If its a round Honeywell or anyone of the older style mecury in a tube type,
just adjust it out of level so that 60P it will take trial and error to
get it right but that is the cheapest solution. The rest of the question is
really up to your area and what kind of house you have slab/basement ect..
I've seen them as low as 45, but most seem to be about 55.
Depends on the house and where pipe are run. Pipes on outside walls are the
ones at risk. At work we have a rather large multi-story building with
different heat sources. My goal is not to freeze anything, but keep the
temperature as low as possible as it in not inhabited except for a couple of
warehouse workers. I shoot for 40 degrees. Two of the heaters are on
timers.

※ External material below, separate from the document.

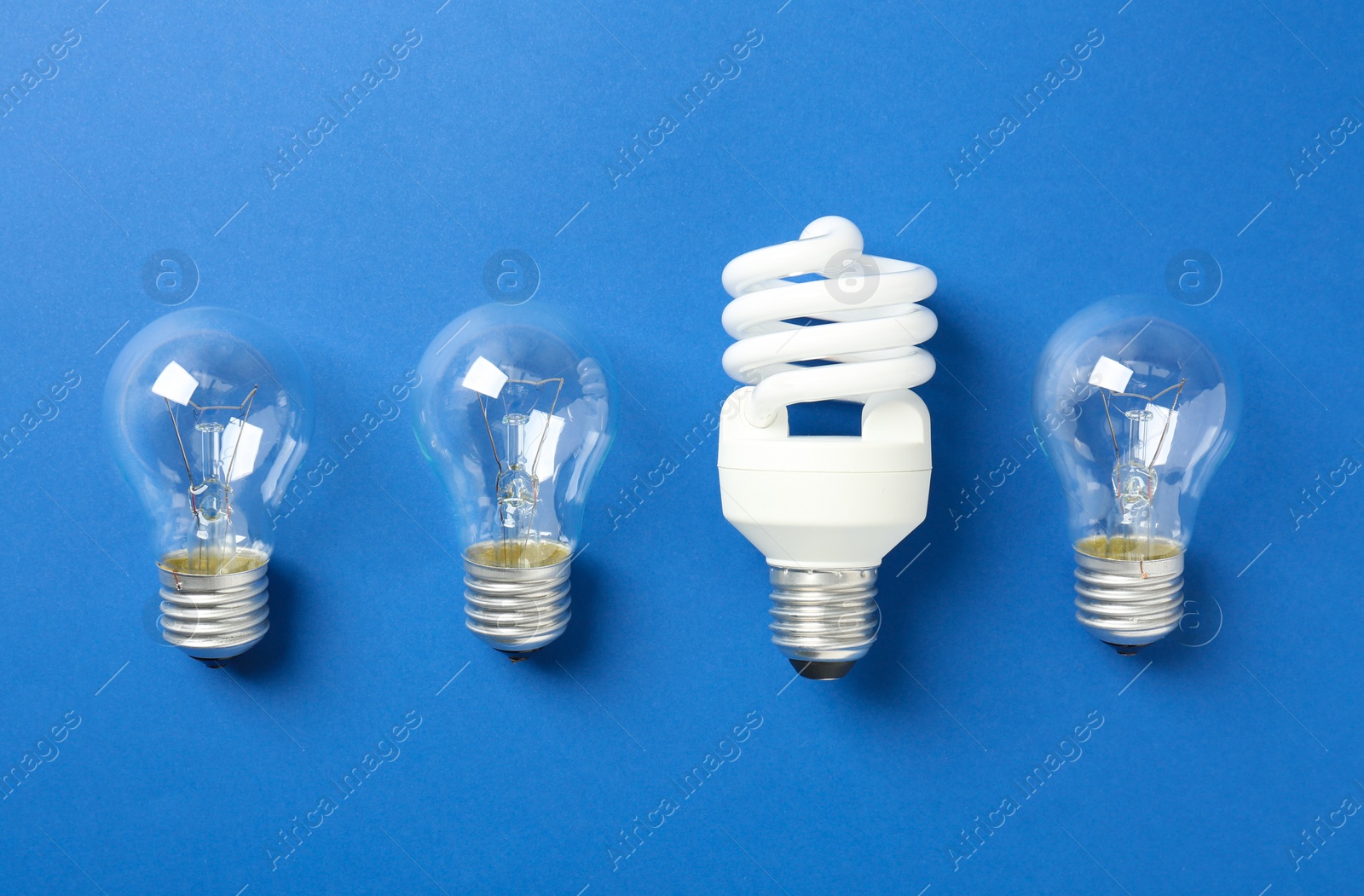 Photo of Vintage and modern lightbulbs on blue background, flat lay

In most cases, it comes on for two two hour periods a day. In very
cold weather, below 15F I'll run the boilers an extra couple of hours. Only
once it was a problem with a sprinkler pipe that was near an outside wall
when the heater failed on night. In my case, it is a risk/reward thing and
is was minimal cost to repair the pipe. When you get a gas bill for January
that approaches $20,000, you look to save what you can.
If your furnace is under warranty, you may void it by keeping your house
below 65 degrees.
I have a relative who replaced the furnaces in a duplex, one was rented
and inhabited, the other used seasonally as an office. During winter he
kept the temperature at 55 degrees. That furnace got a cracked manifold
(cracked something, anyway) after 12 years; the other one is still
working fine 5 years later.
The cold air return is part of the problem, though, so if you're careful
where the input air is coming from ... well, it's your furnace.
I think you'll be able to save as much money by going hog-wild on
insulation and weatherstripping.
I'm assuming the wood is free? Otherwise I've always understood that
wood stoves are very expensive to run.
Depends on where you live. A cord of wood is about 100 gallons of oil
heat-wise. Right now, oil is $235 and wood is about $185 where I am, but
$300+ 70 miles away in Boston. Woodstoves are a lot of work too.
Yup, wood is free (well, free except for the cost for me in wear on the
chainsaw, gas, and wear on my back splitting it)... lol
I'm interested from anyone who would comment in how common the problem
that is cited above regarding the cold air return breaking when keeping
heat set low is. I've known people with vacation homes who drain their
pipes but still keep the furnace set low and I've never heard of that
As to insulation, that is not an option on most of my house, except for
more being put in the attic. The house is an all masonry stone home, so
there is no cavity in the outer walls for any insulation.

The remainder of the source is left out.